Files
flynn/docs/plans/2026-02-25-phase4-rollout-operator-readiness.md
T
2026-02-25 11:23:47 -08:00

3.4 KiB

Phase 4 Rollout + Operator Readiness (Deeper Surfaces)

Date: 2026-02-25

Summary

This document provides the rollout plan, rollback playbook, and operator readiness checklist for the deeper end-user surfaces + integrated behavior stack workstreams (run-control, reactions v2, companion/canvas/voice).

Canary Rollout Plan

Guarded Rollout Steps

  1. Run-control semantics (Phase 1) Toggle: server.queue.mode: interrupt only for canary sessions via server.queue.overrides.sessions. Gate: cancel-to-ack p95 <= 500ms, zero duplicate final responses in integration tests. Observe: run_state events (start, cancel_requested, cancelled, complete, error) in gateway UI + audit logs.

  2. Reactions v2 (Phase 2) Toggle: restrict automation.reactions list to canary rules + scoped triggers. Gate: reaction false-positive rate <= 3% in audit logs (reactionMatch, reactionSkip). Observe: system.metrics reaction counters + recursion guard skip reasons.
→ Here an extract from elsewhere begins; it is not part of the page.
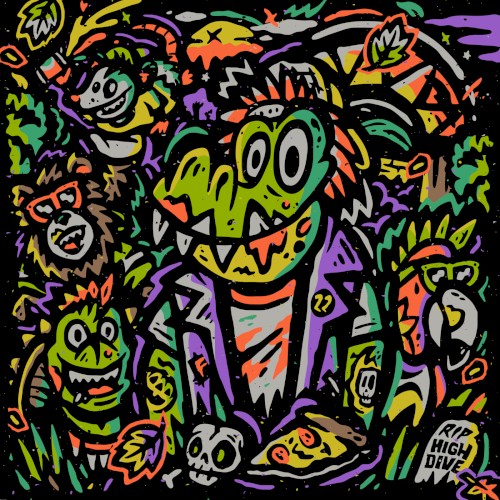 Fest 22 Comp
  3. Companion + Canvas (Phase 3) Toggle: server.nodes.enabled: true for companion canary nodes, enable server.nodes.feature_gates.ui.canvas. Gate: companion reconnect success >= 99% in soak; canvas artifacts survive restart in integration runs. Observe: node registration + capability logs; canvas list/get/put success in gateway UI.

  4. Voice Continuity (Phase 3) Toggle: tts.enabled: true and tts.enabled_channels for canary channels; audio.enabled: true for inbound voice. Gate: no dropped responses when TTS fails; text-only fallback confirmed in tests. Observe: warning logs for TTS failures, reply delivery counts.

Rollout Cadence

  1. Week 1: enable canary on a single internal channel + 1-2 sessions.
  2. Week 2: expand to 5-10% sessions/channels after gates hold.
  3. Week 3: expand to 25-50% after second gate review.
  4. Week 4: default-on unless gates fail; keep toggles for rollback.

Rollback Playbook

  1. Run-control rollback Set server.queue.mode: collect globally. Remove canary overrides in server.queue.overrides.sessions.

  2. Reactions rollback Set automation.reactions: [] or remove canary rules. Verify reactionMatch count drops to zero.

  3. Companion rollback Set server.nodes.enabled: false (or restrict allowed_roles to none). Clear companion node registrations by restarting gateway.

  4. Canvas rollback Disable ui.canvas in server.nodes.feature_gates. Optional: archive/remove dataDir/canvas after capture if needed.

  5. Voice rollback Set tts.enabled: false and/or remove tts.enabled_channels. Set audio.enabled: false to stop inbound voice processing.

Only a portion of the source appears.